JA Our Community®

JA Our Community® allows students, through hands-on activities, to learn about workers, the work they perform, why workers are paid, what taxes are and how they are used, and how and where to save money.

JA Our Community® is a series of five activities recommended for students in second grade. The average time for each activity is 30 minutes. Materials are packaged in a self-contained kit that includes detailed activity plans for the volunteer and materials for 30 students.

JA Our Community® enhances students’ learning of the following concepts and skills:

  • Concepts – Ballot, Banking, Benefits, Business, Choices, Circular flow of money, Community, Defect, Division of labor, Economic institutions, Goods, Government, Incentives, Interdependence, Jobs, Money, Needs, Productivity, Quality, Resources, Services, Skills, Specialization of labor, Taxes, Trade-offs, Vote, Wants
  • Skills – Comparing, Critical thinking, Constructing data, Decision-making, Developing ideas, Displaying data, Formulating questions, Identifying choices, Interpreting data, Listening responsively, Making observations, Matching, Predicting based on data, Problem-solving, Role-playing, Teamwork

Program Components

The key learning objectives listed beside each activity state the skills and knowledge students will gain.

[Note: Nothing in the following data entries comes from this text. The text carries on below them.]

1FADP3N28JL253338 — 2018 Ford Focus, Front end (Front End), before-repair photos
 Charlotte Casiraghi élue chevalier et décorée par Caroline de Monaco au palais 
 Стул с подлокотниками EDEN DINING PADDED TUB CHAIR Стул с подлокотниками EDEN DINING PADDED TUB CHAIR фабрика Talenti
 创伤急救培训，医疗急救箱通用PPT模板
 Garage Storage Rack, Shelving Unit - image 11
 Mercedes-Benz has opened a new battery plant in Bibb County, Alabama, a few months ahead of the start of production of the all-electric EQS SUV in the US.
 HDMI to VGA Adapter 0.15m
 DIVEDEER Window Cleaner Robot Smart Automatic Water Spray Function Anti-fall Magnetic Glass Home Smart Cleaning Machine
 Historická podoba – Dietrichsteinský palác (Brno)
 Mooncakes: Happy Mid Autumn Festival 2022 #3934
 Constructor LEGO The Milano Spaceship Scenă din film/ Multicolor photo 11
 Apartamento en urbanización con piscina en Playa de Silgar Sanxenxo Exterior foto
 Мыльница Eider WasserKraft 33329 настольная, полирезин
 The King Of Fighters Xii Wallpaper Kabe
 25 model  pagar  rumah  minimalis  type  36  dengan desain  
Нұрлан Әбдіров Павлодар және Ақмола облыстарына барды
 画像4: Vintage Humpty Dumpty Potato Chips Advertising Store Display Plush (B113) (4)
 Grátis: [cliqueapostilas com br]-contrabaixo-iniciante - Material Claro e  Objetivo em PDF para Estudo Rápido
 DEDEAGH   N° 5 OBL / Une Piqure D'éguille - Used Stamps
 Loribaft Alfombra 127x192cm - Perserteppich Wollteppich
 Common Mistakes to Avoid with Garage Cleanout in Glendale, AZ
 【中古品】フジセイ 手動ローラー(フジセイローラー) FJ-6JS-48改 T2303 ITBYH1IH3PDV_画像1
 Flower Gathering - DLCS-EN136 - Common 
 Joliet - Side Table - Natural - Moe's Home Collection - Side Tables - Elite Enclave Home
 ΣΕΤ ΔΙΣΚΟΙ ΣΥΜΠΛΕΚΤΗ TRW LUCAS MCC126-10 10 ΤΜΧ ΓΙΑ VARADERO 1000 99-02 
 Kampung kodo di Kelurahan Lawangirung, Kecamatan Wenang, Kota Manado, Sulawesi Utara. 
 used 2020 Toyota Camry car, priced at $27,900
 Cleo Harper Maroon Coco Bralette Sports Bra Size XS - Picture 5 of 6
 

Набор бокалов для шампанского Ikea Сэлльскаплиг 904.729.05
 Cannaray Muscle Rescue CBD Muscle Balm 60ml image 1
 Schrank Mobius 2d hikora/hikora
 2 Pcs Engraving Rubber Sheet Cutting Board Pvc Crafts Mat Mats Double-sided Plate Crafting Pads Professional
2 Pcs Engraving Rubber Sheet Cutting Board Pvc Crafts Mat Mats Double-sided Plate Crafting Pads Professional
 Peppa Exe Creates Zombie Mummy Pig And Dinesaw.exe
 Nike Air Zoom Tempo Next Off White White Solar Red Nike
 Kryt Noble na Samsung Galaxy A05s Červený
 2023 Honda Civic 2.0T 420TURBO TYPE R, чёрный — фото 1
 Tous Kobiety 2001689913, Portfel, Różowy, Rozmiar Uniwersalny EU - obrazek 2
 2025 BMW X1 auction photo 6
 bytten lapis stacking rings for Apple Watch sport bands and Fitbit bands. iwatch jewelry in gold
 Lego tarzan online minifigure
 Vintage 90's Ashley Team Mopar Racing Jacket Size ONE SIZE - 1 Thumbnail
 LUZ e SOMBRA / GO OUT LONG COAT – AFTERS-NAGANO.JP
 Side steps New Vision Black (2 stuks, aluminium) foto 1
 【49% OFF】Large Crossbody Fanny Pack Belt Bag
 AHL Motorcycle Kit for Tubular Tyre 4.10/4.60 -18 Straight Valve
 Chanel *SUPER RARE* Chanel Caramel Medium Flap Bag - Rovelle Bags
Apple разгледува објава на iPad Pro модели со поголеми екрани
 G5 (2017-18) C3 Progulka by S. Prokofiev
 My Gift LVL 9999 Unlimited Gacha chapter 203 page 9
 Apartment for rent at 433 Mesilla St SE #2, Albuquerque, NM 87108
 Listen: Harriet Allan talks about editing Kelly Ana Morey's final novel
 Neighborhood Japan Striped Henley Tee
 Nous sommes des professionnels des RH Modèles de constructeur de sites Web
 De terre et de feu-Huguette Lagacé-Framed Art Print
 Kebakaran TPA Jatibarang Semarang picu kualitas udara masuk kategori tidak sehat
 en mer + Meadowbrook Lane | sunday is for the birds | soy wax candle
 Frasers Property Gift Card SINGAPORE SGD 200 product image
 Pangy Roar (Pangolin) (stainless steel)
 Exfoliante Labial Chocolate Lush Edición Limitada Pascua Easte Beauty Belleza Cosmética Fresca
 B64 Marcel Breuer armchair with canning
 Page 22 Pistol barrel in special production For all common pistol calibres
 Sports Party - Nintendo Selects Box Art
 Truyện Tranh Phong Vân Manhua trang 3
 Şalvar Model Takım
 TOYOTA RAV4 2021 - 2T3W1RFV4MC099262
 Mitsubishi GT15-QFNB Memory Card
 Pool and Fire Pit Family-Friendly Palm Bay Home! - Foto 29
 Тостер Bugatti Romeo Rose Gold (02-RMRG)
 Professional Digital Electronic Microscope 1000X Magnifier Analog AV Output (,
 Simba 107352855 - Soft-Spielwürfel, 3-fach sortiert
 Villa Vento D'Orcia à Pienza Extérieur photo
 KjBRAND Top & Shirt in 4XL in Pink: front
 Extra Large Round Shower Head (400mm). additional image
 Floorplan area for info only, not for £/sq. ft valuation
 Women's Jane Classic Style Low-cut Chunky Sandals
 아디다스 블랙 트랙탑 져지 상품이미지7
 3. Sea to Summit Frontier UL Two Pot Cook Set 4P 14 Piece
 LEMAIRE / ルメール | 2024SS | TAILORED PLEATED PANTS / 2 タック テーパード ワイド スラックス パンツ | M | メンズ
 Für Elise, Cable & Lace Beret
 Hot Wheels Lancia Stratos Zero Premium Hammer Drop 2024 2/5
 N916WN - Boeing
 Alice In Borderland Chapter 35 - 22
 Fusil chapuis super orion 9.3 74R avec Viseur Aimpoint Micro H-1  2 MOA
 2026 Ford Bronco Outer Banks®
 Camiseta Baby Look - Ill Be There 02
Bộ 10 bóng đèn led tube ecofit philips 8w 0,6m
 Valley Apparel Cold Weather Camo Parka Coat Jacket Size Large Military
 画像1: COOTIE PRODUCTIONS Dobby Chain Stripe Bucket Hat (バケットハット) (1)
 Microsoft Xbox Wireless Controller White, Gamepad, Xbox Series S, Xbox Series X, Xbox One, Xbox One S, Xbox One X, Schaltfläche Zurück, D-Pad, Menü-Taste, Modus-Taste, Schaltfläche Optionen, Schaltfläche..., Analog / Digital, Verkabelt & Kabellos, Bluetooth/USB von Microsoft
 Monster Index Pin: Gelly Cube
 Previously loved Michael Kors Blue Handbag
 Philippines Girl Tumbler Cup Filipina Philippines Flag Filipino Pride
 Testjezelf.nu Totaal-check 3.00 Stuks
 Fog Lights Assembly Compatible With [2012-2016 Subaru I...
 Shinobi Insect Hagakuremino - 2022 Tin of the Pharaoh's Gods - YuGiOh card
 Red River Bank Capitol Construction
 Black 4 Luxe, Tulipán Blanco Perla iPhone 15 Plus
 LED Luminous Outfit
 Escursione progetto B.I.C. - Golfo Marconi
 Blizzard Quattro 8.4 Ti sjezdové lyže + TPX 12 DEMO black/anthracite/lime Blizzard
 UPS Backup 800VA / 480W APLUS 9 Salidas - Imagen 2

Activity One: How Does a Community Work?

Students identify typical jobs by studying a poster that illustrates a community. They develop an awareness of how people live and work together in a community.

Session Objectives:

  • Identify a variety of jobs in the community
  • Recognize how people live and work in a community
  • Become aware of a wide range of job opportunities

Session Two: Sweet “O” Donuts

Students, individually and in groups, use different production strategies to simulate producing donuts for Sweet “O” Donuts.

Session Objectives:

  • Define production
  • Compare unit and assembly-line production methods
  • Explain that different strategies are used to produce different types of products

Session Three: The Role of Government

Students learn about the economic role of government in a community by identifying services that government provides to citizens. Students also recognize that government must collect taxes to pay for these services.

Session Objectives:

  • Recognize government jobs in the community
  • Understand why taxation is necessary

Session Four: A New Business

Students determine the best use for the empty store on the How Does a Community Work? poster. The step-by-step, decision-making process helps students understand how group decisions are made.

Session Objectives:

  • Define choices
  • Use a decision-making model
  • Recognize the need to make informed decisions
  • Take personal responsibility for decisions

Session Five: Money Moves

Students learn about an economy’s circular flow of money.

Session Objectives:

  • Identify circumstances of money being exchanged for goods or services
  • Recognize how money flows through a community’s economy

All JA programs are designed to support the skills and competencies identified by the Partnership for 21st Century Skills. These programs also augment school-based, work-based, and connecting activities for communities with school-to-work initiatives.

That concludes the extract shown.